Le débat sur le bouclier fiscal a repris récemment, à l'Assemblée nationale. Le président a touché les ardeurs des députés UMP, les renvoyant dans les cordes, argumentant qu'il était hors de question de remettre en cause, ce symbôle du quinquennat. Mais politiquement et symboliquement, cette position pourrait aussi devenir difficile à tenir.
En réalité, la solution est plutôt simple et elle permettrait même à la droite, de sortir par le haut stratégiquement, sans se renier. A l'image de la préconisation du sénateur, Philippe Marini, il suffirait ainsi de revoir l'ISF, puis le bouclier fiscal, qui n'aurait ainsi plus de raison d'être. Le second a d'ailleurs été inventé par Sarkozy, car il n'osait supprimer le premier. Mais Nicolas Sarkozy gardait en mémoire, le souvenir cuisant de la suppression de l'IGF par Chirac en 1986-87, avant la défaite à la présidentielle de 1988. L'”Impôt de Solidarité sur la fortune” (ISF) a succédé en 1989, à l'”Impôt sur les Grandes Fortunes” (IGF), créé en 1982, par le gouvernement Mauroy. Cet impôt fait depuis figure d'exception française. La création du “bouclier fiscal” avait un motif qui est l’ISF, mais aussi un autre, qui n'est guère souligné et dont personne ne parle, à savoir l'Europe. Depuis vingt ans, la Commission de Bruxelles a en effet, organisé la concurrence fiscale entre Etats, d'où la fiscalité très faible de l'Irlande, par exemple, entraînant la baisse des impôts dans tous les pays européens. Et l'ISF a contribué depuis 1989, au départ des nombreuses fortunes hexagonales, dans un phénomène d'expatriation fiscale vers les pays voisins (Suisse, Belgique, Luxembourg, Irlande…), qui selon un rapport du Sénat en 2006, connaissait une forte recrudescence depuis 2003.

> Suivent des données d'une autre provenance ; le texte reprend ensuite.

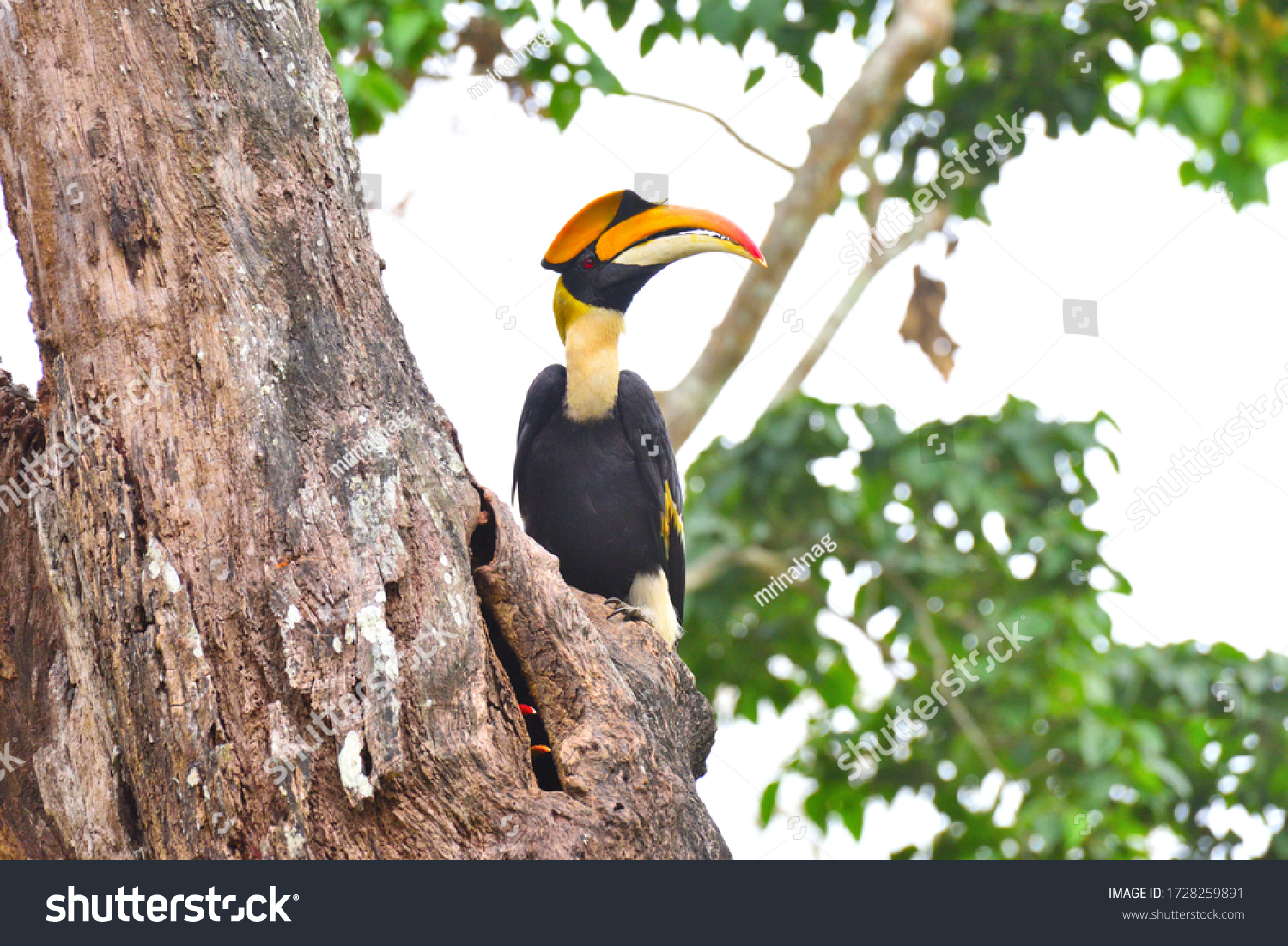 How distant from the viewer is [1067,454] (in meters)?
4.88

L'ISF fait ainsi débat sous de nombreux plans, l'économiste Patrick Artus, certes souvent polémique, ayant avancé dans une étude récente, que cet impôt “couterait deux fois en TVA non perçue ce qu'il rapporte“. De plus, l'ISF est un impôt déclaratif, parfois contourné. Ce sont 130 milliards d'euros de capitaux qui ont quitté la France, entre 1997 et 2006. Cette expatriation fiscale entraînée aurait généré un manque à gagner estimé à près de 10 % des recettes fiscales annuelles de l'Etat français. C'est pour cette raison, que Jean-François Copé créa le bouclier fiscal. L'objectif était de marquer un coup d'arrêt, à la fuite de capitaux. La droite a d'ailleurs fait preuve de nombreuses maladresses, comme en 1995, quand Alain Juppé a déplafonné l'ISF, dont les socialistes avaient plafonné le montant maximal. Ce qui amena de nombreux entrepreneurs et grandes fortunes, à suivre la voie de l'exil, déjà empruntée. Un rapport du Conseil économique et social de 2006, précise que ce déplafonnement était responsable d'une perte fiscale et économique d'environ 70 milliards d'euros. Ajouté aux départs de nombreuses grandes fortunes, l'ISF en est devenu essentiellement un impôt immobilier. A côté de ces 70 milliards d'euros, le coût du bouclier fiscal est d'ailleurs ridicule, soit entre 500 à 600 millions d'euros par an. Ils sont peu nombreux, à en profiter (environ 834 contribuables concernés), et très riches. Et si l'on supprime ce bouclier fiscal, sans toucher à l'ISF, ceux là vont également prendre la voie de l'exil et s'expatrier en Belgique ou ailleurs. Mais si on ne le supprime pas, on souhaite bien du plaisir au gouvernement, pour justifier les hausses de la CSG des retraites ou de la dépendance, qui ne seraient pas payer par certains. Ainsi cette suppression de l'ISF est la clef, car il conviendrait de reposer notre système fiscal - d’ailleurs fort complexe - entièrement à plat.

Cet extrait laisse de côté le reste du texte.